O pior era a lavagem da roupa. Ia à lavandaria do turco, lavar roupa branca e trazia roupa colorida. Era um nabo milagreiro. Misturava tudo. Uma desgraça! Tinha de poupar dinheiro e não ia fazer duas máquinas de roupa. De início não dei importância a isso, depois preocupei-me bastante. É que, despir-me à frente duma conquista, usando cuecas cor de rosa, não era lá muito abonatório para a tarefa que me propunha executar. Apesar de tudo lá continuei a ir, até ao dia que uma senhora, com idade de ser minha mãe, me ajudou em tão ingrata tarefa. Ela própria fez questão de dividir a minha roupa e meter mais moedas noutra máquina, apenas com roupas de cor e certamente com outro programa, já que mais moedas eu não tinha. 
Enquanto a máquina rodava, num vai-vem constante e a espera era a única certeza, o seu olhar rodava-me a cabeça, mais veloz que a centrifugação das roupas que começavam a escorrer. Por dentro, esvaía-me em incertezas, mas pouco fiz para não ceder. Depois, ali perto, num minúsculo apartamento que o tempo esqueceu, como um menino que a mãe leva pela mão,  tive de lhe pagar os soldos que a sua experiência exigiu. Um metro e oitenta e quatro de homem e setenta quilos de peso, transformou-se numa tocha de sexo, queimando-lhe o seu corpo mal amado.

4 comentários:

Anónimo disse...

kakakakak
Em que vc se meteu para ter uma roupa intima apresentável...

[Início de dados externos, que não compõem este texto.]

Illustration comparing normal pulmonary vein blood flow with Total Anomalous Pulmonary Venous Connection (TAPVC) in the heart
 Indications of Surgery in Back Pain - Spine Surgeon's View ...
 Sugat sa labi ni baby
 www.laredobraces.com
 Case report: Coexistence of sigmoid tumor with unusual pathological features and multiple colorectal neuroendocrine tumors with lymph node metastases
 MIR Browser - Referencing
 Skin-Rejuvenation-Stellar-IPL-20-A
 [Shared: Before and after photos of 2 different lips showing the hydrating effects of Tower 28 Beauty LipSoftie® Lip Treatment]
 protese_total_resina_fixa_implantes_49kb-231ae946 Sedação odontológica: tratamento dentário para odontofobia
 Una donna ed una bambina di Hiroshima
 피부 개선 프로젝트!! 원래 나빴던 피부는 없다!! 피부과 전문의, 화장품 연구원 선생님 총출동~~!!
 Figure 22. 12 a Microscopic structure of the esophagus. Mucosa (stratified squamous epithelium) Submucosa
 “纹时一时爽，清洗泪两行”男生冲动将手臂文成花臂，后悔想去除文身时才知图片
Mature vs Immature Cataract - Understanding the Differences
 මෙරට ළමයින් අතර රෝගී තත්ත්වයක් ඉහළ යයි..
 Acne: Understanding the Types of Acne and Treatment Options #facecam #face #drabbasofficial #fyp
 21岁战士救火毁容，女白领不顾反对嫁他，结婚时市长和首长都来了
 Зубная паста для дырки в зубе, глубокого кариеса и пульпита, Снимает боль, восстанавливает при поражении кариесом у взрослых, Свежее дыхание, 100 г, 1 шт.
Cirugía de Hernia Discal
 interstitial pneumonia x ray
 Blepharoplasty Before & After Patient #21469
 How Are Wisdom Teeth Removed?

"juizo era pouco, pois muito fazia mal"

SPUK

Anónimo disse...

"A crónica de um bom malandro"
Não deixes para amanhã o que podes fazer hoje...
E esta hem!!!

I.R.

Carla D'elvas disse...

isto é k era actividade ;)
muito bem. gostei!
fiquei encantada, com o teu bom coração ( q já sabia q tinhas!)... ajudar uma senhora é sempre muito bonito!
;)

Kim disse...

Olá minhas queridas!
Não sou nada um bom malandro! O Mário Zambujal é que era.
Acreditem que é muito complicado falar destas coisas.
Se fosse num livro relataria o que aconteceu a seguir. Aqui não posso fazê-lo. Pareceria que embandeirava um troféu.
Estou a passar por cima de muita coisa. A não ser assim, o blog assemelhar-se-ia a um manual da Kamasutra.
Respondendo à curiosidade da Spuk - a minha actividade principal é SEGUROS.
O meu filho Bruno é que está ligado às artes plásticas.